Consider a code:
import org.apache.flink.table.api.Table;
import org.apache.flink.table.api.bridge.java.StreamTableEnvironment;
class Scratch {
public static void main(String[] args) {
StreamTableEnvironment tableEnv = /*some init code here*/;
tableEnv.executeSql("CREATE TABLE my_table (\n"
" id STRING,\n"
" createdDate DATE,\n"
" `date` STRING "
" ) PARTITIONED BY (`date`) \n"
" WITH (\n"
" 'connector' = 'filesystem',\n"
" 'path' = 's3://my-bucket/',\n"
" 'format' = 'json'\n"
" )");
tableEnv.executeSql("CREATE TABLE output_table (\n"
" id STRING,\n"
" created_date DATE,\n"
" count_value BIGINT,\n"
" PRIMARY KEY (id, created_date) NOT ENFORCED\n"
") WITH (\n"
" 'connector' = 'filesystem', \n"
" 'path' = 's3://some-bucket/output-table/',\n"
" 'format' = 'json'\n"
" )");
Table temp = tableEnv.sqlQuery(
" SELECT id as id, "
" max(createdDate) as created_date, "
" COUNT(DISTINCT(id)) as count_value "
" from my_table\n"
" GROUP BY createdDate, id"
);
temp.executeInsert("output_table");
}
}
This will give me error:
org.apache.flink.client.program.ProgramInvocationException: The main method caused an error: Table sink 'default_catalog.default_database.output_table' doesn't support consuming update changes which is produced by node GroupAggregate(select=[MIN($f0) AS id, MAX(createdDate) AS created_date, COUNT(DISTINCT $f2) AS count_value ])

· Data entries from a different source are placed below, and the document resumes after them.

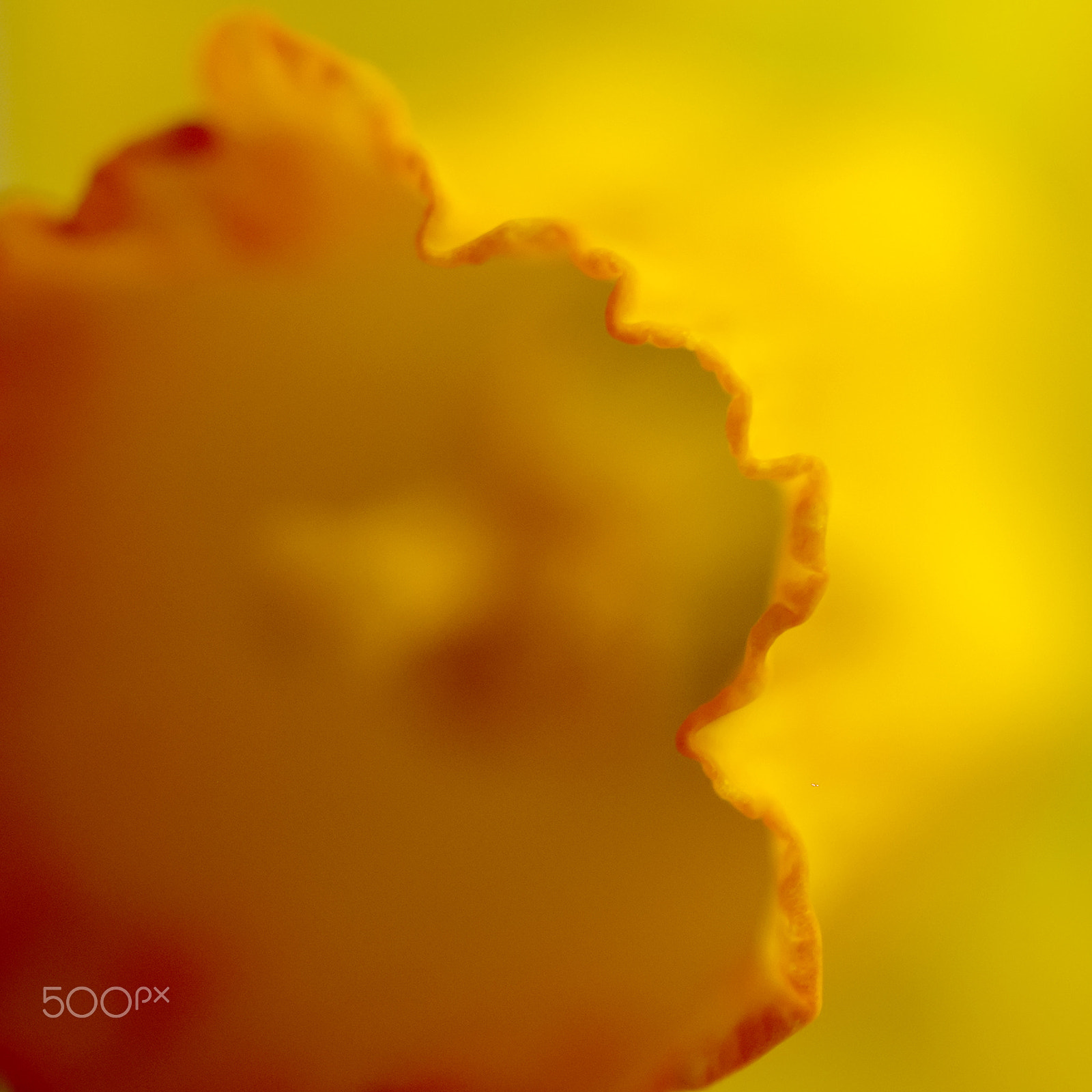 Nikon AF-S Micro-Nikkor 105mm F2.8G IF-ED VR sample photo. Orange photography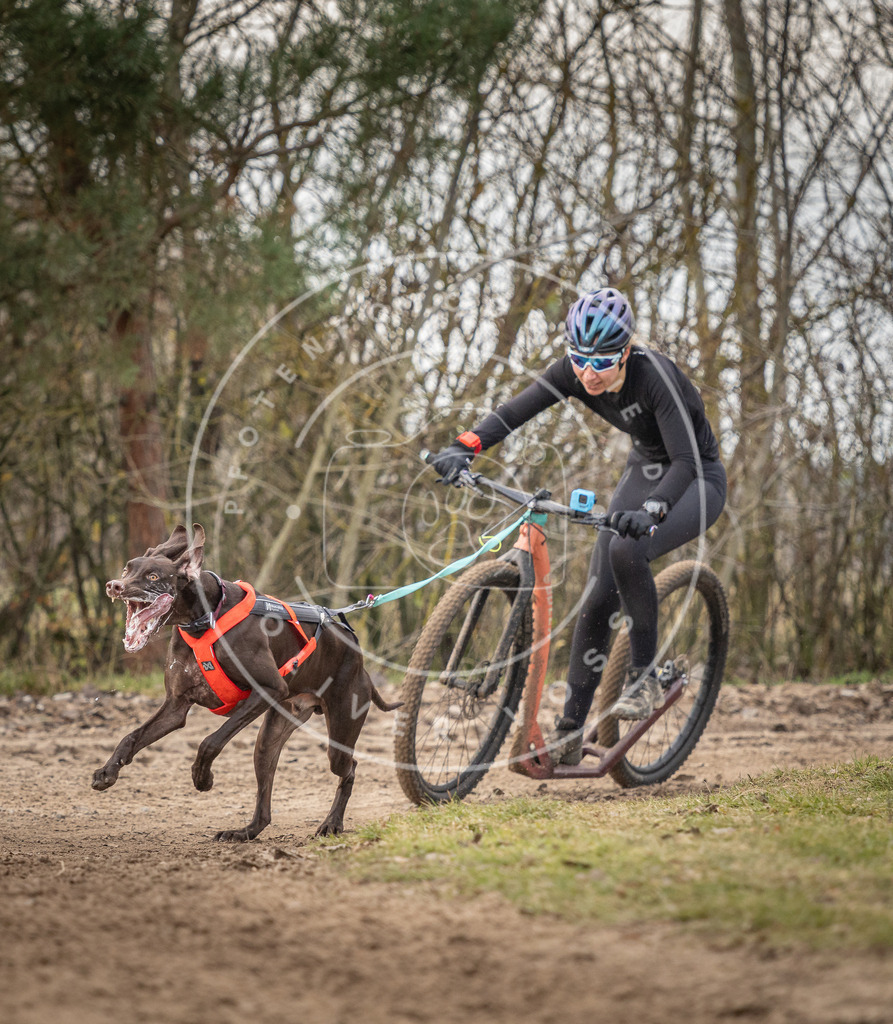 Pfotenfotografie_DV3A9012 | Hundefotografie, Tierfotograf, Pfotenfotografie, Fotoshooting Hund, Hunde Portrait, Hundesport, Hundeportraits, Heideshooting, Hunde, Sportfotograf, Hundefotograf, Turnierhundsport, THS,  - Realisiert mit Pictrs.com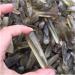 Natural Crystal Rough Natural Crystal Rough 2.2LB 1KG Raw Natural Smoke Citrine Quartz Crystal Original Points Rough Stone - Buy Online on GoSupps.com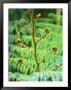 Fern, Queensland, Australia by David Wall Limited Edition Print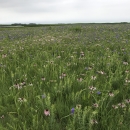 Pale purple coneflower and Ohio spiderwort at Maynard Reece WPA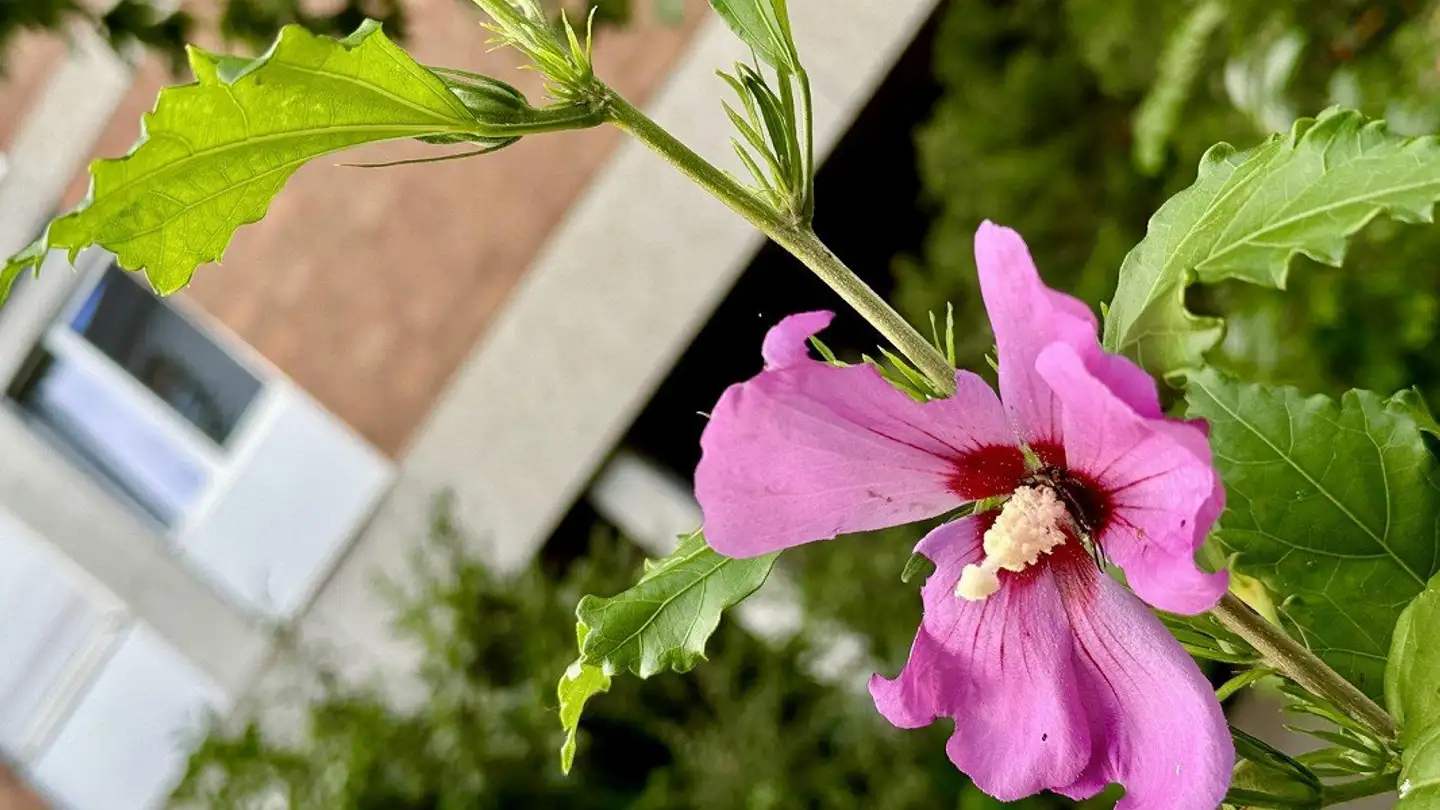 Appartement à louer - Spitalackerstrasse 20, 3013 Bern - Photo 3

Is there a way to write aggregation to s3 via flink? (a flink is run in batch mode)
CodePudding user response:
As it is you are running the query in streaming mode, which requires a sink that can handle the updates and deletes coming from the aggregation.
This will work if you either
- produce the results in a CDC (changelog) format, such as debezium,
- or run the job in batch mode
To run in batch mode, you can do this:
import org.apache.flink.table.api.EnvironmentSettings;
import org.apache.flink.table.api.TableEnvironment;
EnvironmentSettings settings = EnvironmentSettings
.newInstance()
.inBatchMode()
.build();
TableEnvironment tEnv = TableEnvironment.create(settings);
If you need to use the Table API in batch execution mode while also having access to the DataStream API, this is only possible since Flink 1.14.